• _PROBLEM TO WORK ON_: Exactly as written, print every line of the listing below and omit its pictures.

*** Opening GIVEN INFORMATION ***

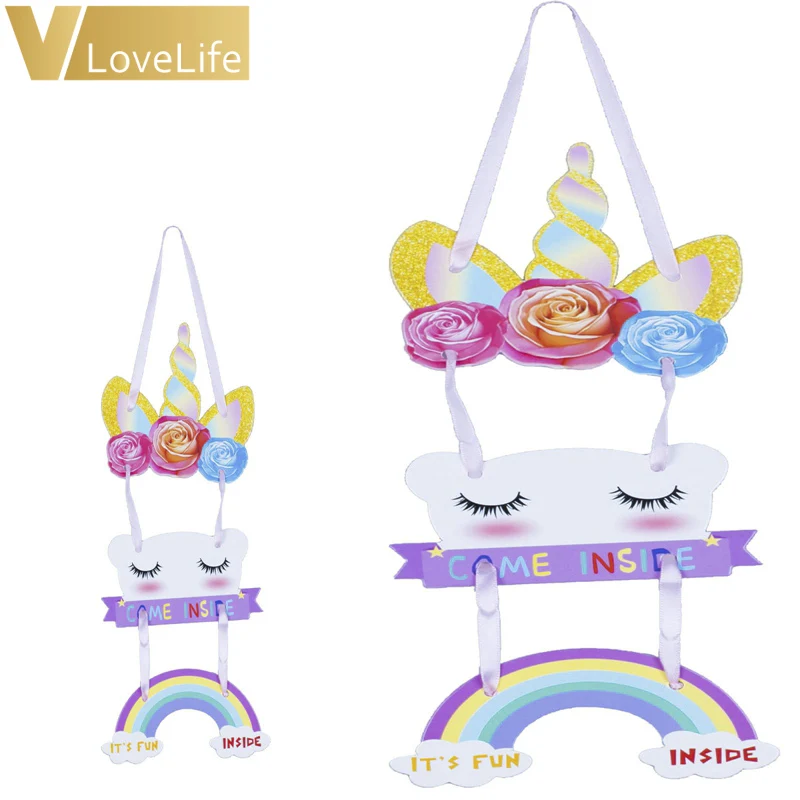 Блестящий Единорог дверной знак подвесной подарок волшебное Радужное украшение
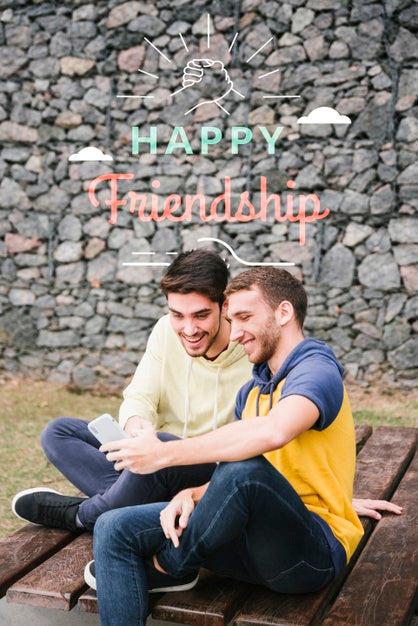 Side View Sitting Friends Outdoors Psd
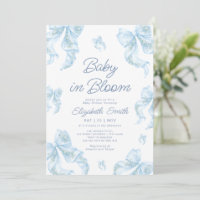 Baby-Shower Fleur Bleue Ruban Bébé en Fleur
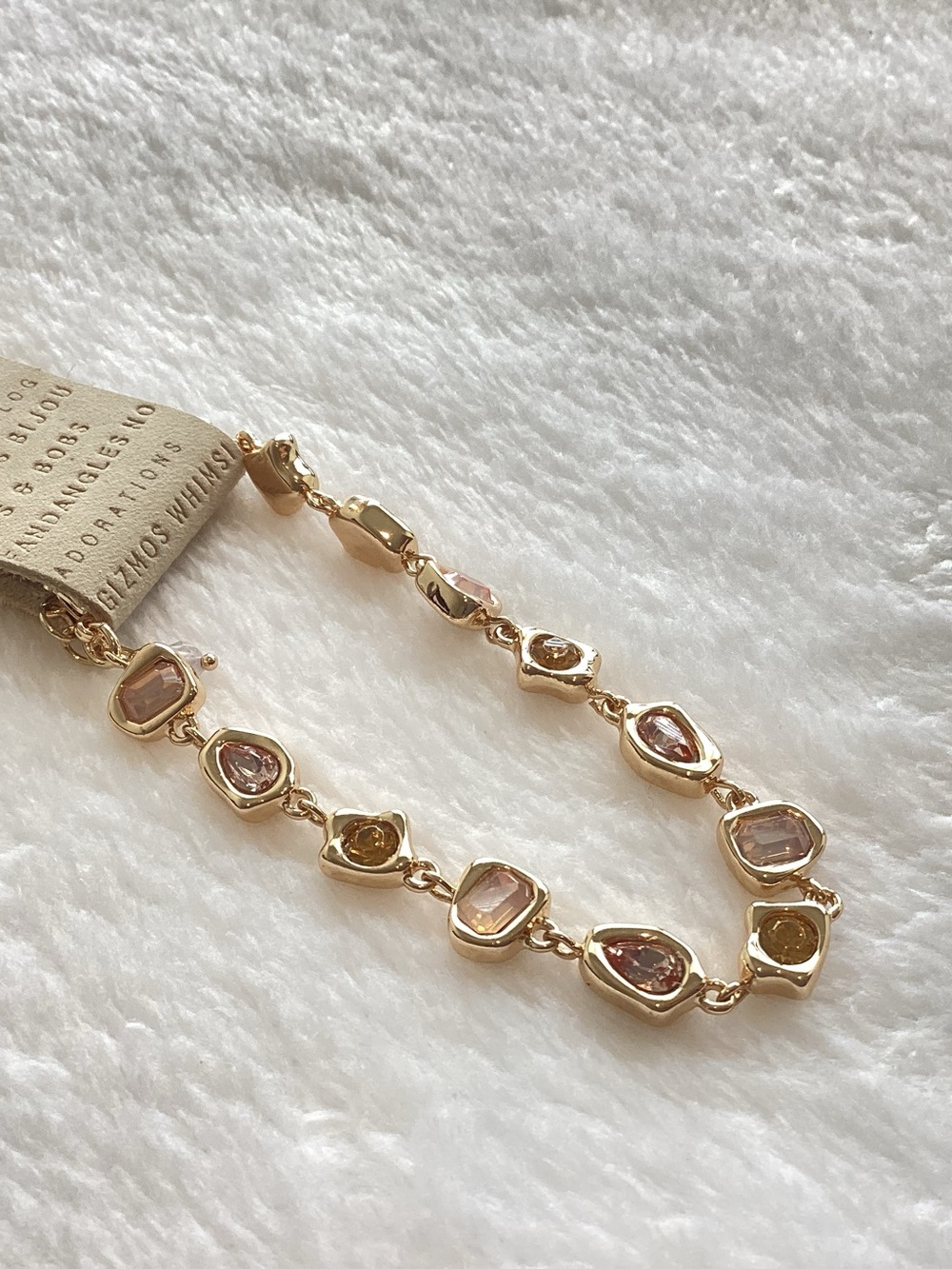 Anthropologie Gold-Plated Bracelet Colorful Stone New Taupe 7” - Picture 4 of 7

*** Closing GIVEN INFORMATION ***

• _EXERCISE RESPONSE_:
 Блестящий Единорог дверной знак подвесной подарок волшебное Радужное украшение
 Side View Sitting Friends Outdoors Psd
 Baby-Shower Fleur Bleue Ruban Bébé en Fleur
 Anthropologie Gold-Plated Bracelet Colorful Stone New Taupe 7” - Picture 4 of 7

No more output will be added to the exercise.